Vladimir Velickovic, a key artist from the movement

 - Lauriane Labes

The artist Vladimir Velickovic passed away on 29th August 2019. In 1983, he was chosen to create the official Roland Garros poster.

©Vladimir Velickovic/FFT

The artist Vladimir Velickovic passed away on 29th August 2019. Thirty-six years ago, in  1983, he was chosen by the French Tennis Federation to create the official Roland Garros tournament poster. We take a look back at the life of this leading artist from the Narrative Figuration movement.  

Roland Garros 1983. The 20,000 spectators on Centre Court were in raptures: Yannick Noah had won the final against Mats Wilander. The French player had enjoyed an almost flawless run through the fortnight, having only dropped one set.

The 23-year-old was simply astounding: athletic body, rippling muscles and a powerful hit that gave his opponents very little breathing space. His physique was not unlike the figure depicted in the new tournament poster. Had the artist used Noah as a muse?

©Vladimir Velickovic/FFT

Discovering the motion photography

Vladimir Velickovic was the fourth artist the FFT had asked to create the tournament poster. Following on from Valerio Adami, Eduardo Arroyo and French artist Jean-Michel Folon, they decided upon this Belgrade-born artist, who had been awarded a prize at the Biennale de Paris in 1965 and had just been appointed professor at the Ecole Nationale Supérieure des Beaux-Arts in Paris.

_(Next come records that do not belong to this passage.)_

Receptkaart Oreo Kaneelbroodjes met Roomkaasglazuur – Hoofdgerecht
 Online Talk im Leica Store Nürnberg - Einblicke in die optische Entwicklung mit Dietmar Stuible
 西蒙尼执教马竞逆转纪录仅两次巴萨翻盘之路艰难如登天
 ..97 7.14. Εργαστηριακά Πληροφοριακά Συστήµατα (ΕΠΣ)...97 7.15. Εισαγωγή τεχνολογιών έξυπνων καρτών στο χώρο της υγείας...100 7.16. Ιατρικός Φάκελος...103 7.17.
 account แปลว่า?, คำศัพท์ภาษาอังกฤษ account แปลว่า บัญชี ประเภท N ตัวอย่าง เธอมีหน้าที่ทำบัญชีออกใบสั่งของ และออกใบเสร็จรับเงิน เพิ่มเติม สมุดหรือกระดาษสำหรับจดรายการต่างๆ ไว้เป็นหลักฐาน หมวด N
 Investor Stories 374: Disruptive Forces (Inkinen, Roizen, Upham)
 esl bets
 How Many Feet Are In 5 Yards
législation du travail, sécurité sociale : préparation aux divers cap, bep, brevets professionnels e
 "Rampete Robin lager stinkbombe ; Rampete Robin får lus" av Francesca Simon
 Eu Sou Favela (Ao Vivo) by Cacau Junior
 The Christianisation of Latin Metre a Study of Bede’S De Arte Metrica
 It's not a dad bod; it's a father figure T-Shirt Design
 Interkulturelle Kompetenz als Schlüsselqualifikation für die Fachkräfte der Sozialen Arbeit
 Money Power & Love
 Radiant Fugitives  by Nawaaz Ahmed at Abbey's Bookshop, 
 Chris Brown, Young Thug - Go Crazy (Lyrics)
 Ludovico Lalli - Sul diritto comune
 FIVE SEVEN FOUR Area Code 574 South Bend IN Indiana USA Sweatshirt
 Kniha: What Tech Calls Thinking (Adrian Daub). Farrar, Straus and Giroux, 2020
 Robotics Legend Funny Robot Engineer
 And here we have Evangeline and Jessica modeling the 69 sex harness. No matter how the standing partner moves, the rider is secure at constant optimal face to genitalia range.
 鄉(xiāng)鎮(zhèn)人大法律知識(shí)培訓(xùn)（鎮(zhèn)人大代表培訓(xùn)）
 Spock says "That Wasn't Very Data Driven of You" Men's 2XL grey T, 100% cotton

An architecture graduate, painter and sculptor, Velickovic came to France in the early 1970s. Here, he developed his own drawing and painting style, though he had a preference for drawing.

At the same time, he discovered the work of motion photographer Eadweard Muybridge, a pioneer in chronophotography like France’s Etienne-Jules Marey. It was on the actual Roland Garros site that he studied the running style of humans and animals. This revelation led him to adopt a different approach for depicting movement.

©Vladimir Velickovic/FFT

Movement and Indian ink

It was perfectly natural that his work for the 1983 Roland Garros poster should involve the way that a player moves. His many preparatory sketches are proof of this: helped by the “Technicorama” created by photographer and former player Gil de Kermadec, he dissected a player’s movement and reproduced it using Indian ink.

“My personal journey showed me that colour dials down an image’s power,” he said. The result was a powerful piece, though a lot less tragic than his other paintings.

The FFT owns the original 1983 poster, as well as the numerous preparatory sketches drawn by the artist.